Ighnöel dirigió el contraataque, seguido de todos los nephilim que sabían luchar: los voluntarios de la Torre, la ondina, Menxar, los Guardianes del Grial y unos pocos más, así como de caballeros y hombres de armas, mientras los ballesteros los cubrían desde el castillo. Sin embargo, fue inútil: el enemigo era cincuenta o sesenta veces más numerosos y el terreno no acompañaba a las habilidades de algunos luchadores, como la ondina. Así, todo lo que pudieron hacer fue impedir que los franceses entrasen a saco en el poblado y dar tiempo a los cátaros a buscar refugio tras los muros del castillo.

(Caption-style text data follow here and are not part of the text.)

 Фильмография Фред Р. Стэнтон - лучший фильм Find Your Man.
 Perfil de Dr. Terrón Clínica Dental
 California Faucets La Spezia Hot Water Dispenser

El ejército real no pudo ocupar la muralla de forma efectiva, ya que estaba demasiado expuesta a los ballesteros del castillo, pero desde la barbacana dominaban toda la explanada, impidiendo a los defensores tomar a su vez la muralla. De esta forma, pudieron ocupar el espacio entre las murallas y montar ahí un gran fundíbulo (trebuchet, yo tampoco conocía el nombre en español) capaz de lanzar piedras de 80 kilos hasta el castillo (las piedras aún pueden verse en el pog hoy día). Para los sitiados, el fundíbulo se convirtió en un peligro mortal: eran unas 500 personas las que estaban ahora hacinadas dentro de la fortaleza, y sólo los grandes muros ofrecían protección. El patio y sus endebles construcciones de madera se convirtieron en una lotería mortal donde se rifaban las grandes piedras, esquirlas y astillas. El número de bajas se disparó e incluso los fuertes muros sufrían un duro castigo.

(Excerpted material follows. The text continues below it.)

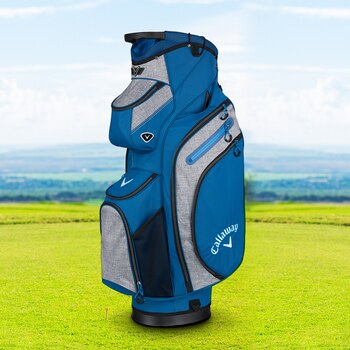 Callaway 高爾夫球袋 Callaway 高爾夫球袋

Estando así las cosas, Pierre-Roger y sus consejeros idearon un plan desesperado para intentar hacerse con la barbacana, recuperar la muralla y quemar el fundíbulo. Aprovechando que la barbacana la seguían controlando los vascos y que había montañeses vascos entre los defensores del Montségur, intentarían hacerse con ella devolviendo la moneda a los franceses. Los vascos, junto con un grupo de voluntarios formado por la ondina, el fénix de la Torre, Menxar, Pírixis y Yaltaka, se deslizarían fuera del castillo y, cubiertos por la muralla sur (prácticamente abandonada por los sitiados y que había quedado en tierra de nadie), llegarían hasta el foso que separaba la barbacana del castillo, lo cruzarían, treparían y se harían con ella sin que se diera la alarma. Luego asegurarían la salida de la muralla que usaban las tropas reales y saldrían a la explanada entre las murallas para incendiar el fundíbulo. Entre tanto, Pierre-Roger e Ighnöel habrían salido del castillo y tomado la muralla, apoyando y protegiendo al grupo de los Guardianes del Grial. Si todo salía bien, volverían a las posiciones de enero.
Hicieron la salida una noche sin Luna. Consiguieron deslizarse hasta el foso sin ser vistos, por la parte externa de la muralla. Allí ya se acababa la muralla y lo fácil: había que saltar de roca en roca y trepar por un tajo casi vertical, una fría noche de febrero con hielo y nieve. Nada, en principio, imposible para los aguerridos montañeses vascos que, durante meses, habían metido y sacado gente y carga del pog. Sin embargo, se encontraron con la piedra asesina.
La piedra asesina es un tipo bastante habitual de piedra en montañas abruptas: es una roca aparentemente estable que, cuando el desafortunado escalador descarga todo su peso sobre ella, se mueve, tirando abajo al escalador y saltándole rápidamente encima, para atraparle tobillo o pierna o, por lo menos, romper algún hueso. La piedra asesina del Montségur era experimentada: después de cometer una fechoría se escurría rápidamente y se camuflaba con sus congéneres, para luego colocarse disimuladamente bajo el pie de algún otro montañés. Así cayeron tres o cuatro vascos malheridos, aunque sin soltar ni un gemido ni alertar a los defensores de la barbacana, hasta que el fénix atrapó a la maldita roca y se sentó encima (en mi vida he visto tantas pifias seguidas en escalar).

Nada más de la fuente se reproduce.